◆ Aim of the exercise ◆
Write the data below out exactly as it stands. Do not include the pictures.

[Entries provided — start]

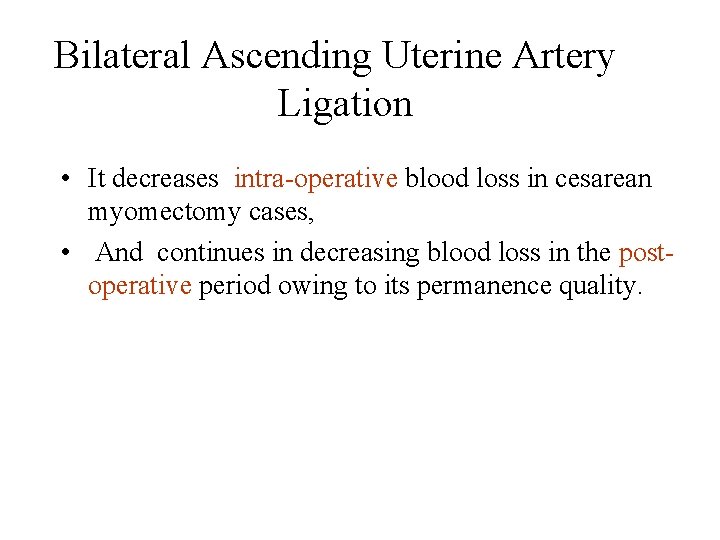 Bilateral Ascending Uterine Artery Ligation • It decreases intra-operative blood loss in cesarean myomectomy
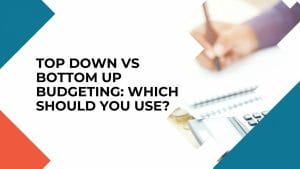 Top Down Vs Bottom Up Budgeting Which Should You Use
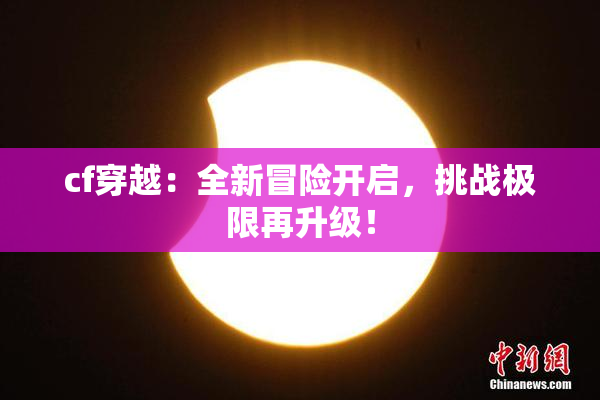 cf穿越：全新冒险开启，挑战极限再升级！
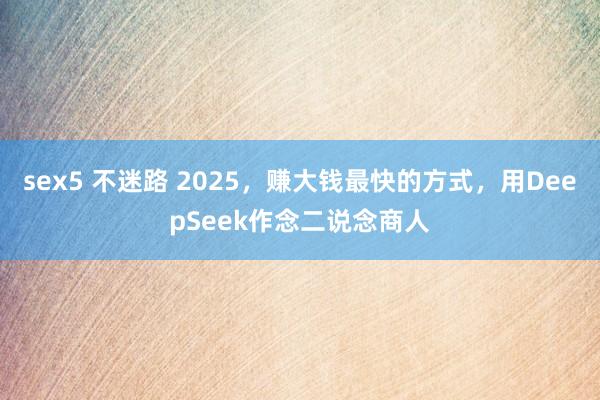 sex5 不迷路 2025，赚大钱最快的方式，用DeepSeek作念二说念商人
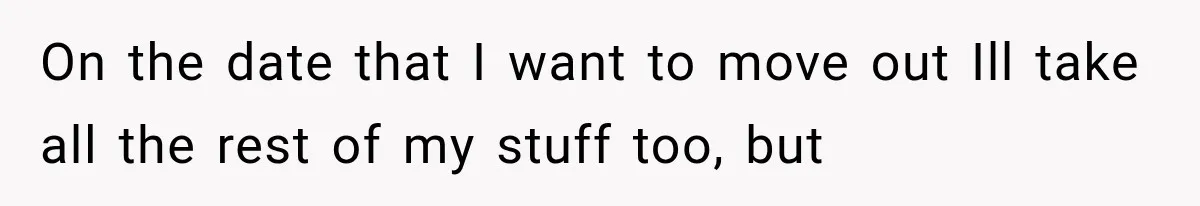 On the date that I want to move out Ill take all the rest of my stuff too, but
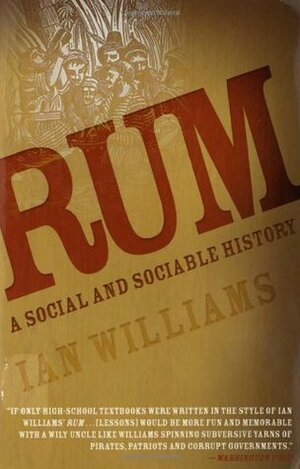 Rum: A Social and Sociable History of the Real Spirit of 1776 by Ian Williams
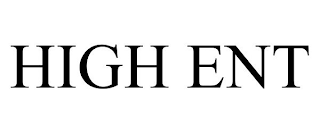 HIGH ENT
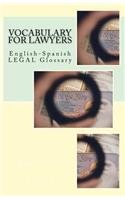 Vocabulary for Lawyers: English-Spanish Legal Glossary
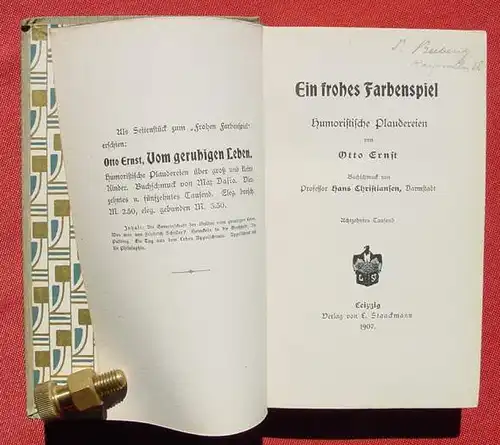 () "Ein frohes Farbenspiel" Humoristische Plaudereien. Otto Ernst. 192 S., 1907 Staackmann, Leipzig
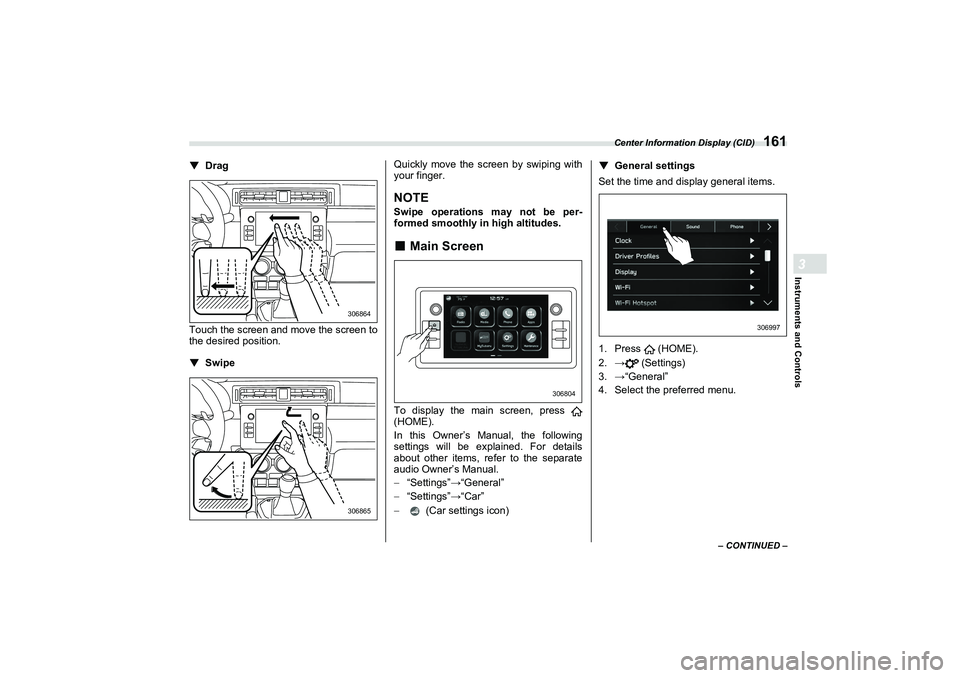SUBARU BRZ 2022 Owners Manual Center Information Display (CID)
161
Instruments and Controls3
– CONTINUED –
▼
Drag
Touch the screen and move the screen to
the desired position.
▼Swipe Quickly move the screen by swiping with SUBARU BRZ 2022 Owners Manual Center Information Display (CID)
161
Instruments and Controls3
– CONTINUED –
▼
Drag
Touch the screen and move the screen to
the desired position.
▼Swipe Quickly move the screen by swiping with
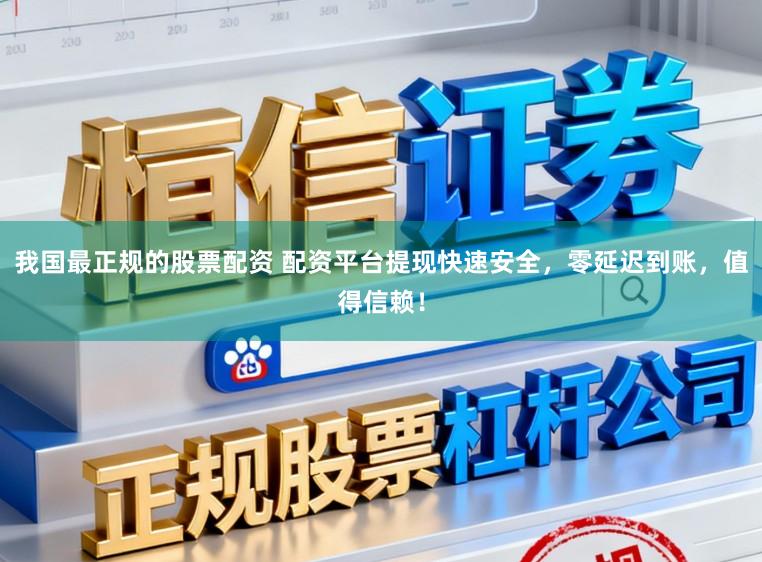 我国最正规的股票配资 配资平台提现快速安全，零延迟到账，值得信赖！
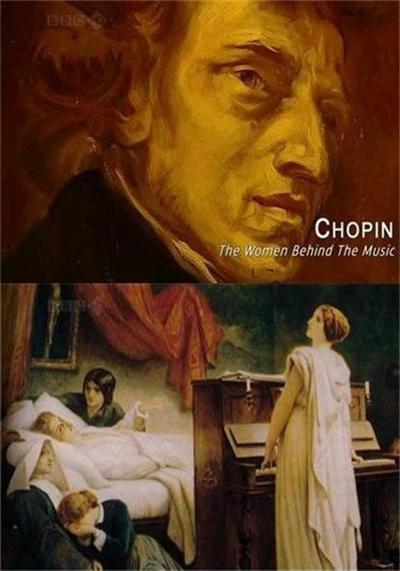 肖邦：音乐背后的女人 / Chopin: The Women Behind the Music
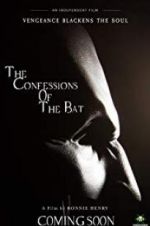 Watch The Confessions of The Bat Viooz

[Entries provided — finish]

◆ Task response ◆
 Bilateral Ascending Uterine Artery Ligation • It decreases intra-operative blood loss in cesarean myomectomy
 Top Down Vs Bottom Up Budgeting Which Should You Use
 cf穿越：全新冒险开启，挑战极限再升级！
 sex5 不迷路 2025，赚大钱最快的方式，用DeepSeek作念二说念商人
 On the date that I want to move out Ill take all the rest of my stuff too, but
 Rum: A Social and Sociable History of the Real Spirit of 1776 by Ian Williams
 HIGH ENT
 Vocabulary for Lawyers: English-Spanish Legal Glossary
 () "Ein frohes Farbenspiel" Humoristische Plaudereien. Otto Ernst. 192 S., 1907 Staackmann, Leipzig
SUBARU BRZ 2022 Owners Manual Center Information Display (CID)
161
Instruments and Controls3
– CONTINUED –
▼
Drag
Touch the screen and move the screen to
the desired position.
▼Swipe Quickly move the screen by swiping with SUBARU BRZ 2022 Owners Manual Center Information Display (CID)
161
Instruments and Controls3
– CONTINUED –
▼
Drag
Touch the screen and move the screen to
the desired position.
▼Swipe Quickly move the screen by swiping with
 我国最正规的股票配资 配资平台提现快速安全，零延迟到账，值得信赖！
 肖邦：音乐背后的女人 / Chopin: The Women Behind the Music
 Watch The Confessions of The Bat Viooz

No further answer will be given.